======== Provided material

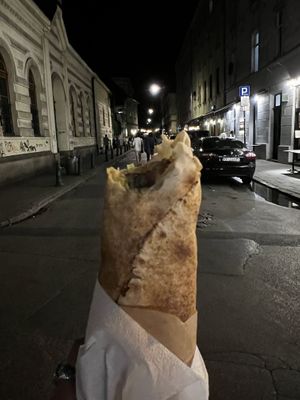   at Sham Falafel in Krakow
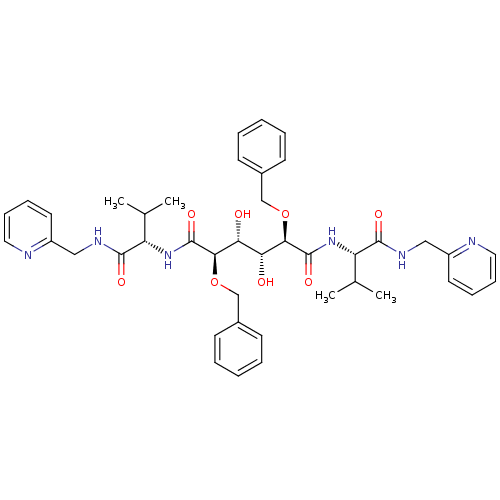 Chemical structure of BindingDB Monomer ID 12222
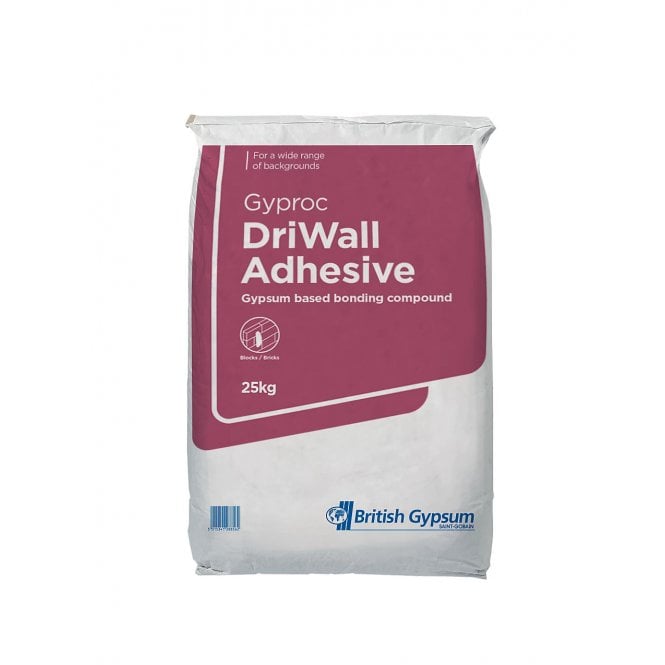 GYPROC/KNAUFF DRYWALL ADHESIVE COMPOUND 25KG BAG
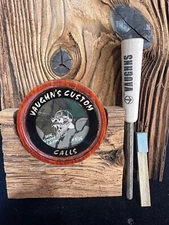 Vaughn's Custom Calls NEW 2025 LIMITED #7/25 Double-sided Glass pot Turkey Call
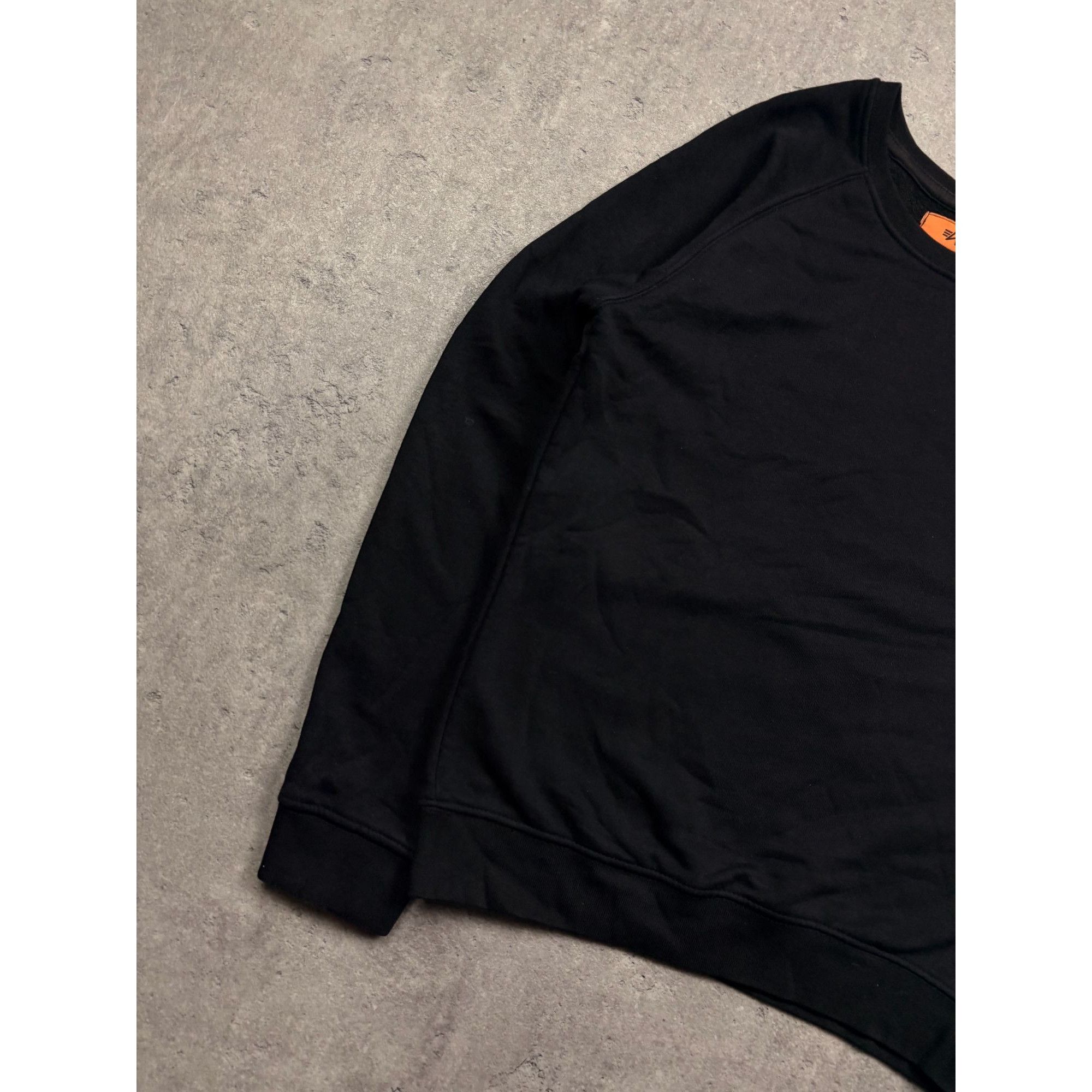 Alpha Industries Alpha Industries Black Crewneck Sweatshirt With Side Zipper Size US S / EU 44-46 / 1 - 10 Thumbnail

================

- [Task details]: At the line containing "Vaughn's Custom Calls", begin reproducing the entries word for word, and continue through their last line. Leave out the pictures.

- [Result below]:
 Vaughn's Custom Calls NEW 2025 LIMITED #7/25 Double-sided Glass pot Turkey Call
 Alpha Industries Alpha Industries Black Crewneck Sweatshirt With Side Zipper Size US S / EU 44-46 / 1 - 10 Thumbnail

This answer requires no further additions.